Design a good schema
Watch the following expert interview for an to learn about schema design:
We're in the process of migrating this content. Check back soon.
Exercises
Putting time into identifying the correct timestamp and the value of individual dimensions (attributes and measures) will pay dividends later on. Armed with your learn-druid environment, it's time to take a look at some notebooks that cover functionality you need to be familiar with as you go iterate through different table schemas.
Time functions
The time functions in Druid are particularly important to grasp and understand:
- Every row in a table in Druid has a time column.
- The time column is distinct from all other dimensions that a row might contain
- It represents the timestamp when an event in your data occurred.
- It's used at ingestion time to partition your data before it is distributed, and it's used at query time to plan queries and to parallelise them.
-
Open JupyterLab in your learn-druid environment.
-
Under the ingestion section, we recommend that you run through these notebooks:
- Batch ingestion (local | source) - it covers the basics of ingestion, including how to specify the columns that you choose to ingest into your table.
- Data types (local | source) - this will familiarise you with how data is stored inside a table.

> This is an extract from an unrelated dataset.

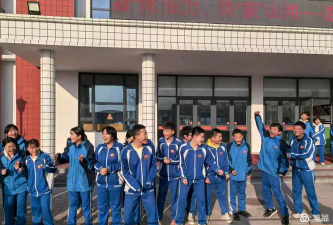 泊头市第三中学户外活动场地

- Datetime functions (local | source) to learn how to work with the time column, arguably the most important column in any table in Druid. In the query section, take time to run through this notebook:
- NULL values (local | source) to round out your knowledge.
Deciding which incoming datetime column to be your timestamp in Druid is a critical part of your role as a data engineer working with Druid. When you've finished the notebooks, you may want to apply what you've learned about the date and time functions to some of your own data.